D'aucuns prétendent que nous ne ferions qu'organiser une fuite en avant qui ne permettra pas de lutter contre la surpopulation des prisons. Ce n'est pas la réalité.
Plusieurs d'entre vous sur tous les bancs l'ont relevé, un des objectifs de cette loi c'est de préciser le sens de la peine privative de liberté. Nous sommes convaincus que l'emprisonnement doit concilier à la fois des objectifs de sécurité, de protection de la société, de prise de conscience, et bien sûr des objectifs de réinsertion des condamnés. Il ne s'agit pas d'opposer l'un à l'autre, toute personne détenue ayant vocation à réintégrer la société civile. D'ailleurs, aujourd'hui déjà mais encore plus demain après le vote de ce texte, le service public pénitentiaire articule sa démarche autour de ces deux axes, sans privilégier l'un par rapport à l'autre, le but étant que les personnes concernées soient en capacité, à l'issue de la peine, de mener une vie responsable et exempte d'infractions. Je dis cela parce que nous nous situons là, comme très souvent dans ce texte, dans les règles pénitentiaires européennes, qui sont très clairement, Mme la garde des sceaux l'a affirmé à plusieurs reprises, notre fil conducteur. Ainsi, le sens de la peine, que Michel Vaxès a évoqué, se réfère très précisément à la RPE 102-1.
Beaucoup d'articles du projet traitent de ce sujet de manière concrète, au-delà des principes généraux que je viens de rappeler, que ce soit le développement du travail et de l'enseignement, le maintien de l'exercice de nombreux droits en détention, comme le droit de vote quand il est préservé ou le droit au maintien d'une vie familiale grâce aux unités de vie familiale pour ne citer que quelques exemples.
MM. Bodin, Ciotti, Bénisti ont notamment évoqué la dimension de protection de la société. Grâce aux aménagements de peines et à la diversification de la réponse pénale, y compris par la prison lorsque c'est nécessaire, ce texte permettra de diminuer le nombre de peines non exécutées et de non-réponse que nos concitoyens ne comprennent pas, à juste raison. Dans ce domaine, le texte va dans le bon sens.
J'ajoute que ce projet de loi ne prévoit pas d'aménagement automatique. Même le placement sous surveillance électronique quatre mois avant la sortie sera soumis à l'appréciation du procureur, qui pourra s'opposer à cette automaticité. S'agissant de l'exigence d'une expertise psychiatrique qui se prononcerait sur le risque de récidive avant la mise en place de certains aménagements, c'est à coup sûr une piste intéressante. Le projet ne remet pas en cause, vous le savez, monsieur Ciotti, la possibilité pour les tribunaux de procéder à un emprisonnement lorsqu'ils le jugent nécessaire. Il ne remet pas en cause la possibilité pour le tribunal correctionnel de décerner un mandat de dépôt à l'audience, en comparution immédiate par exemple, ou de prolonger les effets d'un mandat de dépôt après une information judiciaire. Il permet d'étendre les aménagements mais n'empêche pas une réaction rapide ou une incarcération immédiate lorsque le tribunal le décide.

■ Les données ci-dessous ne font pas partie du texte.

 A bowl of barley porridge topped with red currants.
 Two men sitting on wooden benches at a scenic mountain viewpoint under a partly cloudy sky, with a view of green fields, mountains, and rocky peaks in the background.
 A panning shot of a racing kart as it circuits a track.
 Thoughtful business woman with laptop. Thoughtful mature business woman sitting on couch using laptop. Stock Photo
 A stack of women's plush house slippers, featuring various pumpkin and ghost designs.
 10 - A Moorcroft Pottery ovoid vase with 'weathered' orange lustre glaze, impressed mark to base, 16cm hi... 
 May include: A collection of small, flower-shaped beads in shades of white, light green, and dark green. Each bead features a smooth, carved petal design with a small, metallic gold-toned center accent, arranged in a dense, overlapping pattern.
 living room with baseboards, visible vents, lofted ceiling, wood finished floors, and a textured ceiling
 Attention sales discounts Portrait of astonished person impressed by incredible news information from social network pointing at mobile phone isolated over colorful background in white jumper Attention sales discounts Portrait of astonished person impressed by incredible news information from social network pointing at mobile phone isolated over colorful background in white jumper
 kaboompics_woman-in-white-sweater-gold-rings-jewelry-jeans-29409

M. Braouezec a évoqué l'importance de la jurisprudence européenne. Il est vrai que celle-ci a permis de multiples changements et évolutions dans notre droit pénitentiaire : l'introduction du principe du contradictoire, la motivation des décisions, notamment en matière d'isolement, de parloir, de transfert, l'ouverture des voies de recours, un droit disciplinaire ainsi qu'une amélioration – même si nous savons que nous avons encore du chemin à parcourir, mais tout ne peut pas être résolu par cette loi – des procédures de fouille dans le respect de la dignité de la personne.
À propos de ces règles pénitentiaires, plusieurs d'entre vous, notamment Mme Guigou, ont évoqué la question du moratoire de ce printemps. Je disais en introduction de mon propos, et Michèle Alliot-Marie le soulignait également au début de ce débat, l'application de ces règles est, pour nous, l'objectif. D'ailleurs, dans la pratique, vous savez que beaucoup d'établissements, y compris des établissements pour mineurs, madame Filippetti, se réfèrent à certaines de ces règles, principales, pour obtenir un label. Cela ne veut pas dire que les 108 règles ne sont pas prises en compte et ne sont pas notre fil conducteur dans ce domaine. Nous allons continuer à progresser.